‘It Won’t Be Easy’: EU Proposes ‘Complete’ Russian Oil Ban

“This will be a complete import ban on all Russian oil, seaborne and pipeline, crude and refined,” Ursula von der Leyen said Wednesday, unveiling a sixth EU sanctions package against Vladimir Putin’s regime.

The goal, she said, is to “maximize pressure on Russia” while “minimizing” what she called “collateral damage” for Europe and its allies.

Sberbank’s access to SWIFT would be severed as part of the package. Credit Bank of Moscow and the Russian Agricultural Bank would also be banned. The EU is also poised to target Belarus’s Belaruskali OAO, the potash producer, along with its export arm, Belarusian Potash Co.

Although the package was variously described as a “dramatic escalation,” there’s something undeniably disingenuous about that characterization. I weighed in at length on the proposed crude embargo last week in “Slow Oil Ban Is Latest Idea In EU-Russia Coordinated Decoupling.”

Von der Leyen’s promise to “minimize collateral damage” was emblematic of what I’ve called the subjugation of principle to expediency. One wonders, for example, whether Brussels would be similarly slow to act if the bombs were falling on Berlin and Paris instead of Odesa and Lviv — if the “collateral damage” wasn’t just economic.

“Let’s be clear: It will not be easy,” Von der Leyen said, in a social media post. “But we simply have to work on it.”

As a reminder, the EU relied on Russia for more than quarter of crude imports in 2019 (figure above).

Slovakia and Hungary won’t have to comply until the end of 2023. Viktor Orban, emboldened by another victory at the polls last month, is an impediment. A spokesperson for his government was unsatisfied that Hungary’s concerns were addressed by the proposal. It’s also possible Orban needs to at least pretend to stall the package to placate Putin, with whom he’s keen to maintain a semblance of cordial relations.

The sanctions would ban vessels from carrying Russian oil as well as services linked to its transport. Although Vitol, Trafigura and Glencore, which together accounted for around 40% of seaborne Urals cargoes in the six months ended March, are pulling back from dealing in Russian commodities, Moscow took in more than $860 million from export duty revenues in the month to April 29, according to Ministry of Finance and vessel tracking data compiled by Bloomberg, 30% more than the prior four-week period.

The destination breakdown (which is subject to change) for Putin’s Baltic crude has shifted materially since the invasion (figure below).

Logistical problems are piling up. Although many market participants seemed to believe Zoltan Pozsar said something new or otherwise novel while elaborating on the likely fallout from escalating sanctions on Russian energy flows, none of this is particularly complicated at the conceptual level. When a major buyer for something stops buying it, you need to sell it somewhere else, and if the logistics aren’t in place, that means friction and higher costs. If you can editorialize around that for 4,000 words, congrats –you’re Zoltan Pozsar.

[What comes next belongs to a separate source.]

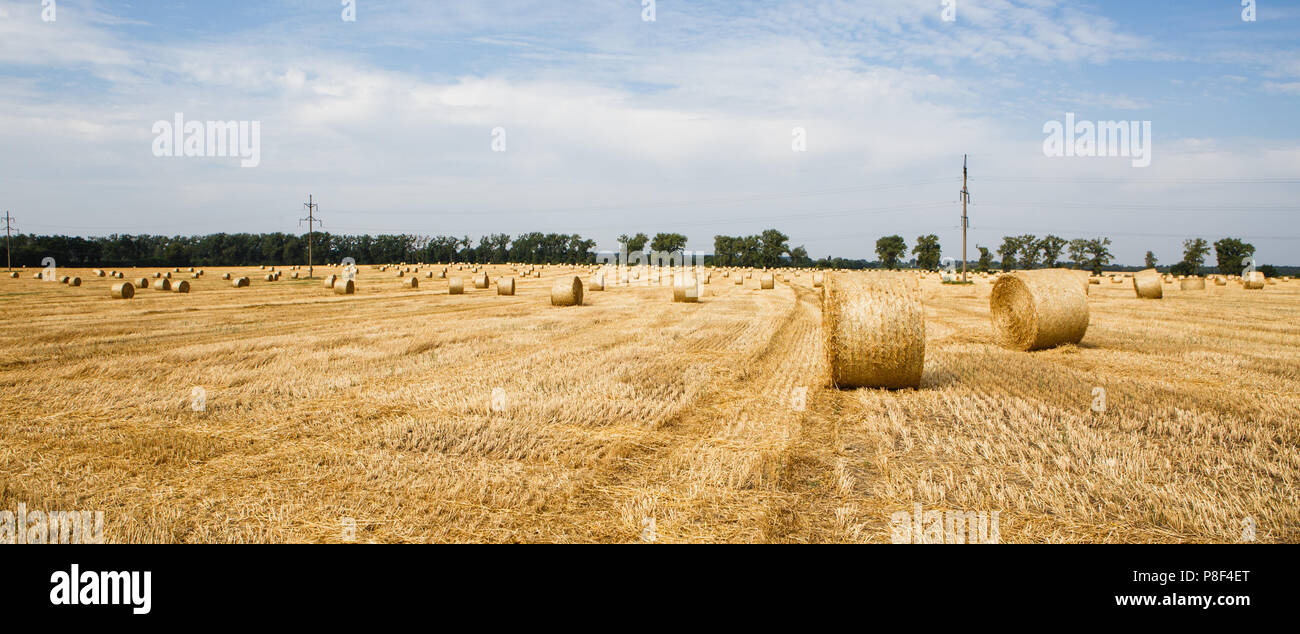 Harvested field with straw bales in summer Stock Photo - Alamy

In an article published Tuesday, Bloomberg called this “simple.” “Traders are unwilling to charter expensive tankers to load Urals without a confirmed buyer at destination being in place,” Archie Hunter and Sherry Su wrote. “The risk of being saddled with a stranded crude oil cargo in a strongly backwardated market is seen as too great.”

If sanctions target logistics, that means Russia, its energy companies and any countries still willing to buy, will need to establish their own logistics and financing. That sounds feasible (albeit expensive and cumbersome) until you consider the West could simply sanction those too.

For example, the FT on Tuesday reported that China’s independent refiners are “discreetly” buying deeply-discounted Russian oil. Why “discreetly”? Well, because state-owned commodity trading firms don’t want to be seen dealing in what’s now effectively contraband, so they’re kicking their quotas to independent operators. “The purchases… reveal how some importers are bypassing traditional routes to access cheap Russian oil, helping Beijing maintain a low profile as the West barrages Moscow with sanctions,” the FT said.

Estimating the economic impact is guesswork given the impossibility of modeling the knock-on effects of higher energy prices, but in a note out Wednesday, Rabobank suggested oil prices could rise to $170 during the first three quarters of the ban, before receding thereafter. “Elevated prices might induce US shale companies to increase the number of rigs for oil, which ultimately results in higher supply and pushes prices down,” the bank said, before estimating the impact on the EU economy, which would suffer a somewhat modest hit this year, but contract 0.3% in 2023.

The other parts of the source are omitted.